Some bits of information matter more than others. This observation is simple, yet has major implications for both exploration and learning. In humans, and AI.
Take the simple example of trying to estimate a large number. If its a number in the hundreds, it only matters if you got the hundreds place right. And the hundreds place matters millions of times less as the number nears a billion.
And yet, we worry too much about the number of bits of information. This is too linear a view. When it comes to real-world uncertainty, the higher order bits matter exponentially more. A detailed history of Donald Trump’s favourite car make, that’s thousands of bits. Who cares? Is he the US President? Now that one bit can change the world.

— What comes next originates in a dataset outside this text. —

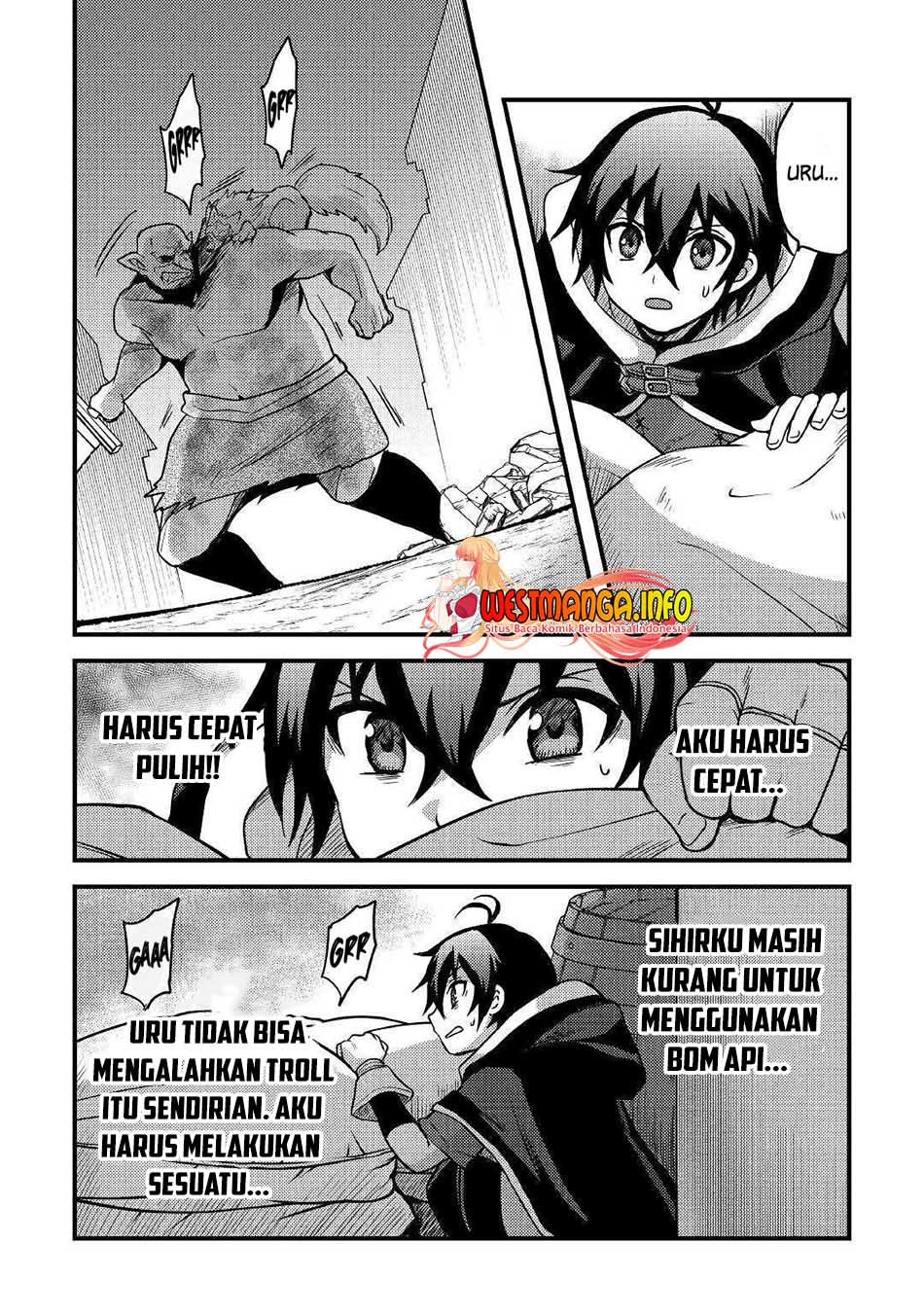 Fuguushoku To Baka Ni Saremashita Ga Jissai Wa Sorehodo Waruku Arimasen? Chapter 22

Implication for Making Decisions
For some time, I’ve been trying to use this principle to guide my research. In research, there are very many interesting questions—an endless list of phenomena yet to be explained. However, some questions are more important than others. These are the higher order bits. Given you, my reader, have finite time, these are the ones you should desperately prioritize. Don’t buy it from me? Take it from Richard Hamming. You and Your Research is perhaps the most important lecture a researcher can watch.
“If you do not work on an important problem, it’s unlikely you’ll do important work.”
In a funny coincidence, the “Hamming Distance” itself measures the opposite, which interestingly brings me to… AI.
Implication for AI
Consider Imitation vs Reinforcement Learning (RL)—perhaps the biggest question in AI right now. LLM RL learns from scalar rewards, a small number of bits of information in comparison to Supervised Finetuning (SFT), which imitates full sentences. On the surface, the latter is far more “information-dense”. Indeed, John Schulman’s excellent new blogpost shows we need to change a small number of bits in an LLM to achieve the huge improvements we’ve seen from RL. Why could this be? Does this mean RL is less important for LLM learning?
No. You see, SFT, in a way, minimizes the hamming distance to a reference answer. For SFT, each bit of difference matters equally. Potato, potahto? For SFT, it means the world. On the other hand, RL? It only cares about whether you succeeded or not, no matter how. That’s the highest order bit, the important one. The one that SFT would be willing to sacrifice to correctly imitate speling1.
And that my friends is the power of RL over imitation in the limit. It supervises the highest order bit, and saves you the cost of collecting the less important ones.
1 Of course, SFT is still important when you *do* care about all bits, such as when gathering “knowledge”. In that case, RL may be too inefficient. Contrary to what this post may have you believe, I am not an RL “Maximalist”.